=== TRY IT ===
Restate every line of the material below word for word, skipping the images.

[[ DATA PROVIDED open ]]

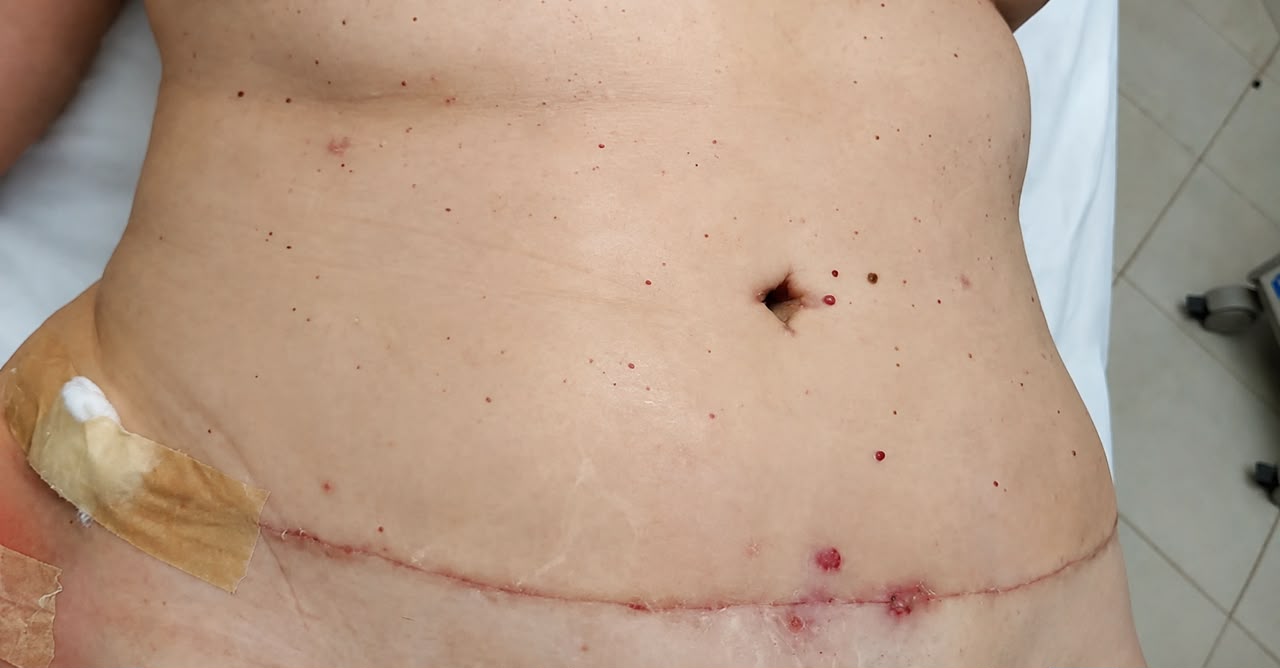 Antes do tratamento de pós-operatório na Clínica PIO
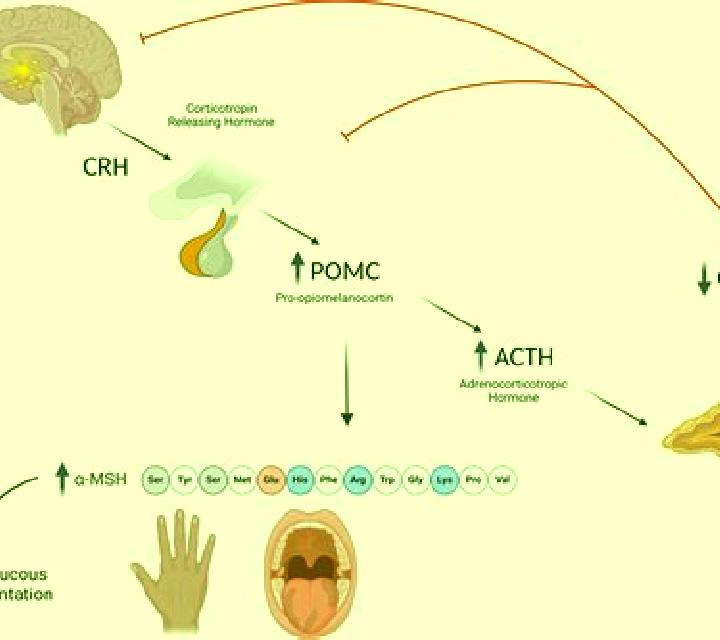 Prednisolone acth prednisolone pathway pills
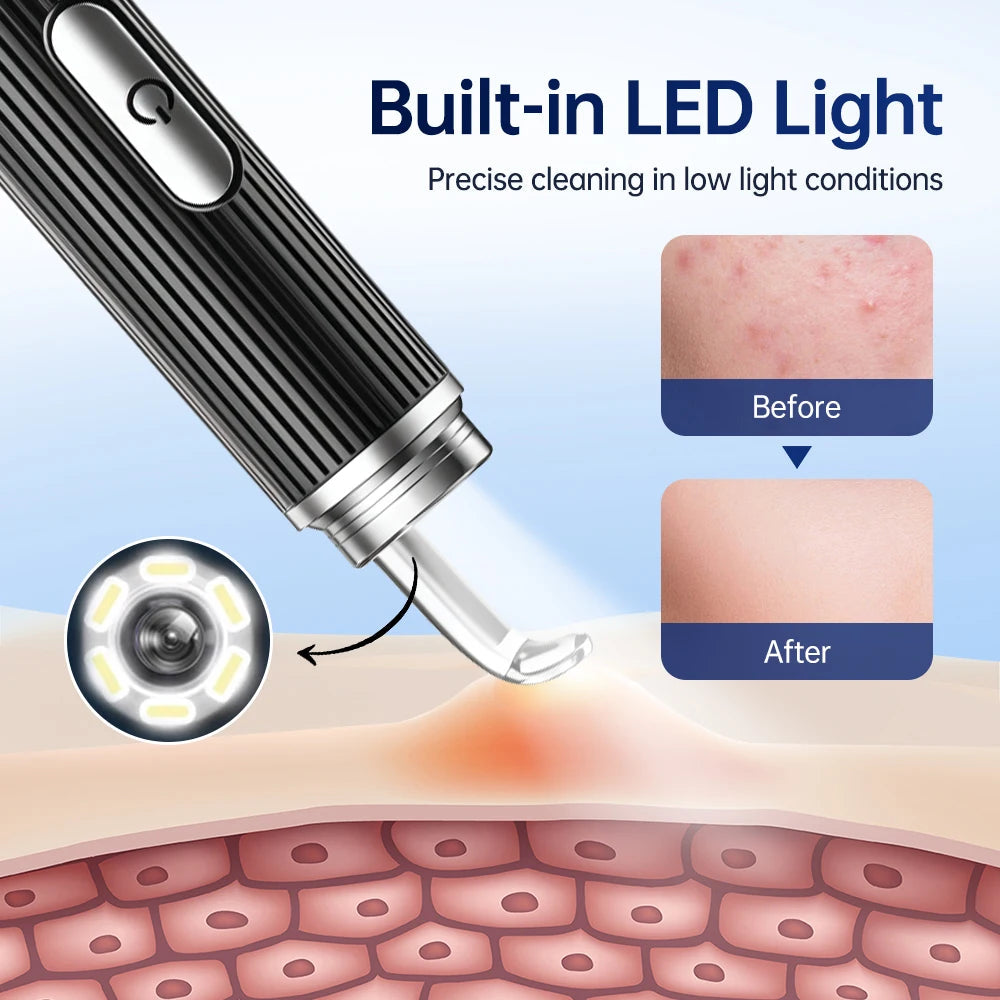 Visual Blackhead Remover with Camera Pimple Popper Extractor Tool Pore Cleaner Kit for Acne Comedone Whitehead Black Dots Remove  FitiqueFit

[[ DATA PROVIDED closed ]]

=== OUTPUT ===
 Antes do tratamento de pós-operatório na Clínica PIO
 Prednisolone acth prednisolone pathway pills
 Visual Blackhead Remover with Camera Pimple Popper Extractor Tool Pore Cleaner Kit for Acne Comedone Whitehead Black Dots Remove  FitiqueFit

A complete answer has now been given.